Tego było już za wiele. To się za długo ciągnęło. Zbliżał się trzeci tydzień lipca. Był piątek wieczorem i miał zamiar w końcu poradzić się Mello, lecz jego trasę zastawiła mu Aurora.
– Musimy pogadać –Oświadczyła i nim zdążył zareagować, już był ciągnięty przez nią po korytarzach i siłą wrzucony do jej pokoju – Siadaj sobie! – Poleciła, wskazując jej zasłane łóżko. Przycupnął na nim niepewnie.
– O-O co chodzi? – Wymamrotał.
– O mojego brata – Mruknęła, nonszalancko oparłszy się o komodę. Matt wyostrzył wszystkie zmysły – Mam wrażenie iż ostatnio jesteście wobec siebie... Bliżsi. A przynajmniej z twojej strony. Ciągle na niego patrzysz i wykonujesz niemal każde polecenie! No i... Ostatnio na „ognisku", w sensie podpaleniu, sam go przytuliłeś. Nie wspominając o tym pocałunku na wyjeździe!

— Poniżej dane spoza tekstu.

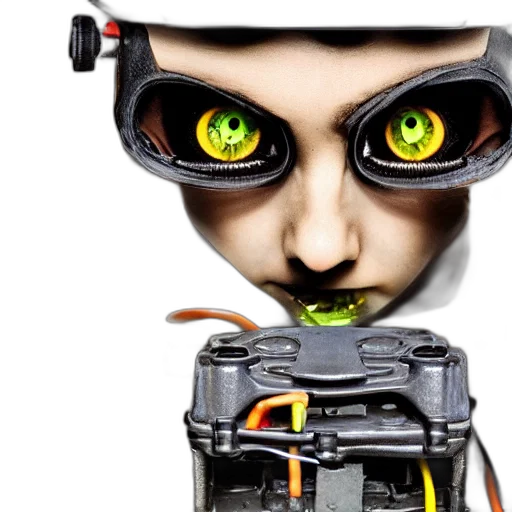 robot, cyberpunk, concept art, 3d render transparent PNG cut-out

Chłopak od razu spalił buraka, tak więc żeby to ukryć, od razu przyłożył pięść do ust, przeczyszczając gardło.
– Wydaje ci się – Mruknął, nawet na nią nie patrząc – Jak już wiele razy mówiłem, co do pocałunku, to byłem pijany. Pomyłka. Co do przytulenia... No, to przecież nic! Ledwo go dotknąłem!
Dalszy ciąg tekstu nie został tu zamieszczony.